Kitchen Robotics: 600 Hours of Human Tele‑Operated Demonstrations
nvidia/PhysicalAI-Robotics-Kitchen-Sim-Demos ↗
PhysicalAI‑Robotics‑Kitchen‑Sim‑Demos is a large‑scale dataset released by NVIDIA that captures 600 hours of human‑teleoperated manipulation in a simulated kitchen environment. The data spans 316 distinct tasks—ranging from atomic actions like opening a fridge drawer to complex composite procedures such as preparing a multi‑course meal—totaling 55 000 recorded trajectories. Each trajectory includes low‑dimensional proprioceptive and action data stored as Parquet files, synchronized MP4 video from three camera viewpoints (left/right third‑person and eye‑in‑hand), and MuJoCo‑specific metadata for simulation replay.
The dataset follows the LeRobot format, providing comprehensive metadata files (info.json, tasks.jsonl, episodes.jsonl, etc.) that describe the robot embodiment (Franka Panda on an Omron mobile base), observation modalities, and episode statistics. Extras contain compressed MJCF model definitions and raw MuJoCo state files, enabling researchers to recreate the exact simulation conditions. All content is released under a CC‑BY‑4.0 license, making it freely reusable for academic and commercial research.

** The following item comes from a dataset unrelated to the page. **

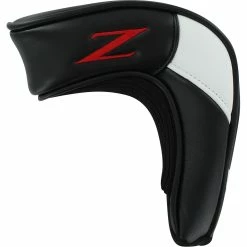 Srixon Z U65 3 Utility Headcover -Cheap Apparel Store srixon z u65 3 utility headcover 1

PhysicalAI‑Robotics‑Kitchen‑Sim‑Demos is positioned for imitation learning, behavior cloning, and hierarchical policy research in the robotics domain. By offering both sensor streams and visual recordings, it supports multimodal learning approaches and sim‑to‑real transfer experiments. The breadth of tasks—covering navigation, object manipulation, cooking, cleaning, and organization—provides a rich testbed for evaluating general‑purpose kitchen assistants and benchmarking new learning algorithms.
Project Ideas
- Train a behavior‑cloning policy that can open, close, and manipulate kitchen appliances using the low‑dimensional action and proprioception data.
- Develop a hierarchical task planner that composes atomic policies into composite meal‑preparation sequences using the provided task hierarchy metadata.
- Benchmark sim‑to‑real transfer by fine‑tuning policies trained on the MuJoCo states and then deploying them on a real Franka Panda robot.
- Create a multimodal perception model that fuses proprioceptive signals with the three‑view video streams to improve visual‑servoing performance.
- Use the trajectory videos to generate synthetic training data for vision‑only policies, evaluating how visual imitation compares to state‑based imitation.